Category: Program input buffer mismatch

Type: Runtime

Error log example

XlaRuntimeError: INVALID_ARGUMENT: Executable(jit_embedding_pipeline_step_fn) expected parameter 2482 of size 5242880 (bf16[16,1280,40]{2,1,0:T(8,128)(2,1)}) but got buffer with incompatible size 1638400 (bf16[16,1280,40]{1,2,0:T(8,128)(2,1)}): while running replica 0 and partition 0 of a replicated computation (other replicas may have failed as well).

Why do these happen?

This error occurs when the XLA runtime detects a mismatch between the size of a memory buffer expected by a compiled program and the size of the buffer that is actually provided at execution time. The error message indicates both the expected and actual sizes, as well as the tensor shapes and layouts.

Note that these errors might occur even if two tensors have the same shape but their size in memory can be different if their physical layout (how the data is tiled and arranged on the hardware) is different.

These errors are predominantly caused by: - Checkpoint and XLA configuration mismatch - A model is trained and a checkpoint is saved. The physical layout of the weights in that checkpoint is determined by the exact XLA version and configuration (e.g.

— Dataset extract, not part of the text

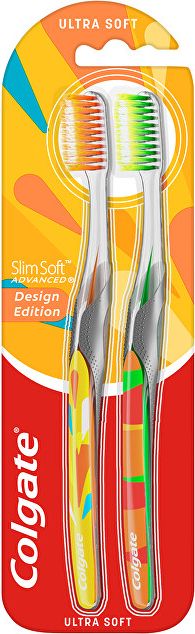 Colgate Zubní kartáček měkký SlimSoft Design Edition Duopack 2 ks - obrázek 1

XLA flags) at that time. Later, this checkpoint is loaded in a different environment where the configuration has changed. A new flag, a different default value, or a change in the model/XLA code can cause the runtime to expect a different physical layout for the weights. When the old buffer from the checkpoint is passed to the new compiled XLA program, the runtime throws an error. - Hardware/Topology-Specific Layouts - The XLA compiler is free to choose different physical layouts for tensors to optimize performance on different hardware. A layout that is optimal for v4 TPU might be different from a v5 TPU, or even for different pod slices of the same chip (e.g., 4x4x4 vs 4x8). The error occurs when a model is compiled with an assumption about one topology's layout, but at runtime it is scheduled on a different topology, or there is a bug in the compiler's layout logic for a specific piece of hardware.

How can a user fix their program when they do happen?

  • Ensure configuration consistency between model export and re-runs from checkpoints:
    • Avoid using old checkpoints with new code unless you are certain that no layout-affecting changes have been made.
    • Re-export the Saved Model: If you suspect a checkpoint/configuration mismatch, the most reliable solution is to re-export the saved model using the exact same (and current) codebase and configuration that you are using for inference or fine-tuning.
    • Check for configuration changes (e.g. XLA flags) between the two runs.
  • Hardware/Topology-Specific layouts:
    • Check for hardware version and topology mismatches if switching hardware or topologies.